§ **Recorded data**:
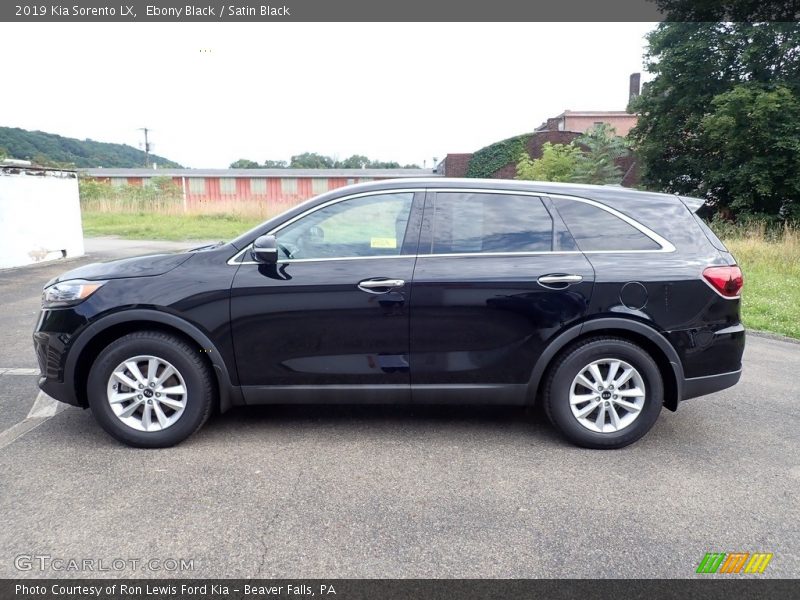 Ebony Black / Satin Black 2019 Kia Sorento LX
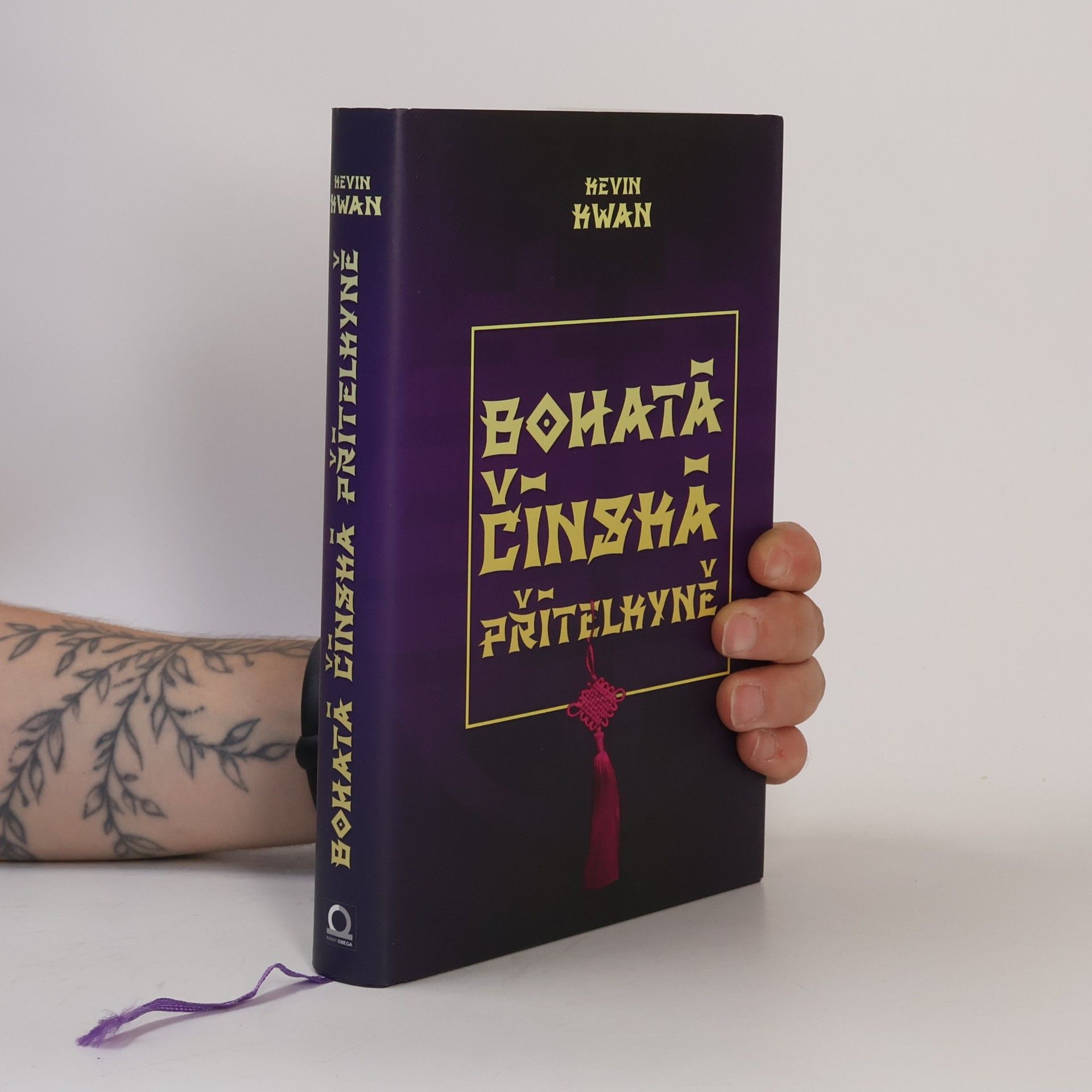 Kevin Kwan Bohatá čínská přítelkyně. Šíleně bohatí Asiati 2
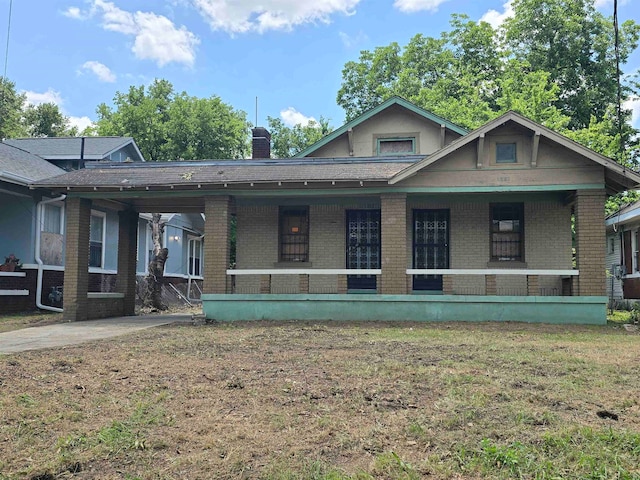 view of front of house featuring a front lawn and a porch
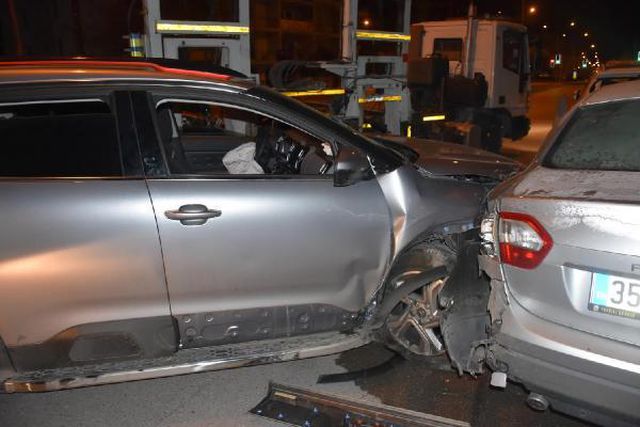 Son dakika haberleri... İzmir'de zincirleme trafik kazaları: 14 araç hasar gördü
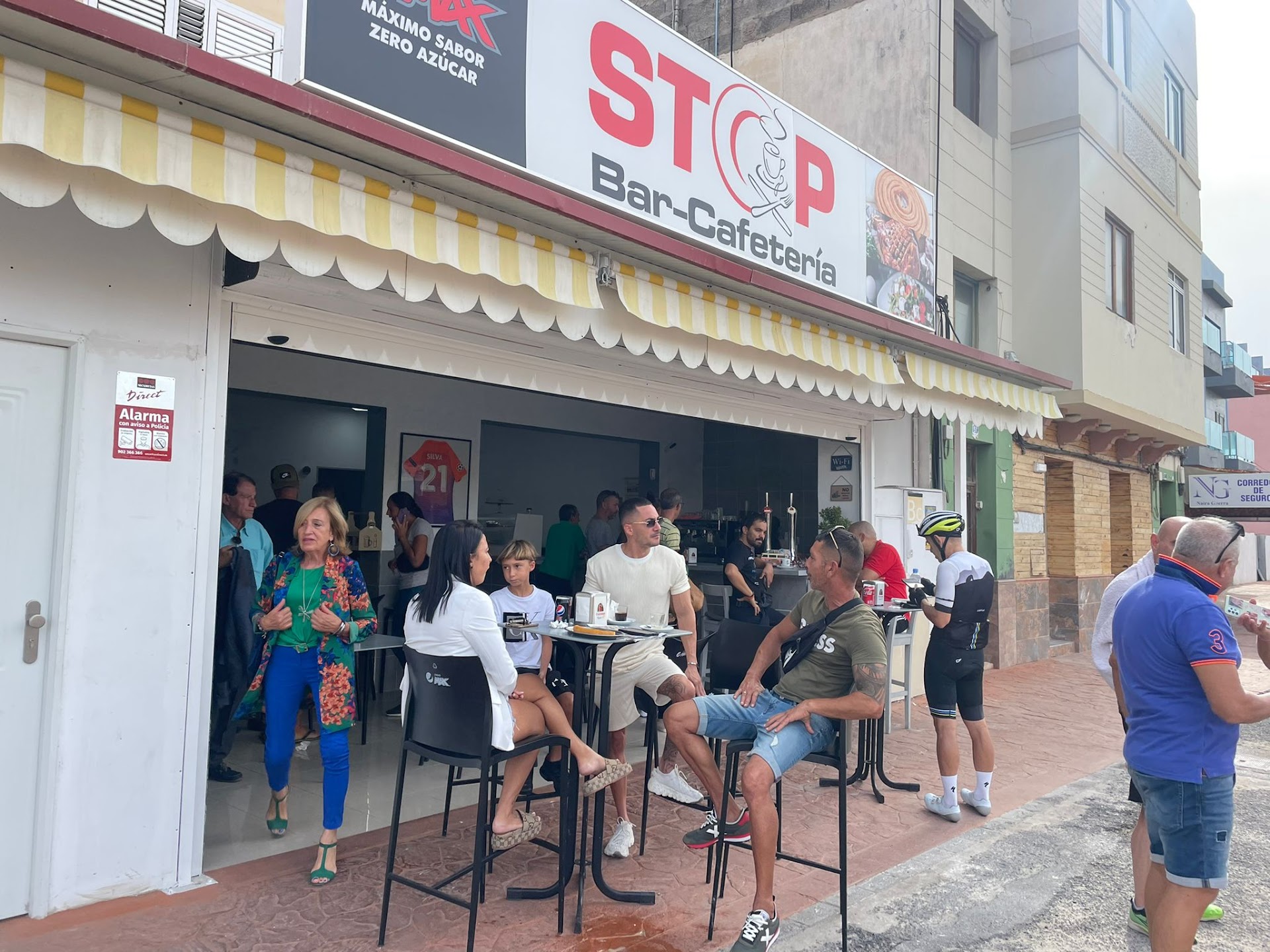Bar Cafeteria Stop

§ **Task goal**:
Everything in the records above must be repeated exactly, except the pictures.

§ **Result**:
 Ebony Black / Satin Black 2019 Kia Sorento LX
 Kevin Kwan Bohatá čínská přítelkyně. Šíleně bohatí Asiati 2
 view of front of house featuring a front lawn and a porch
 Son dakika haberleri... İzmir'de zincirleme trafik kazaları: 14 araç hasar gördü
Bar Cafeteria Stop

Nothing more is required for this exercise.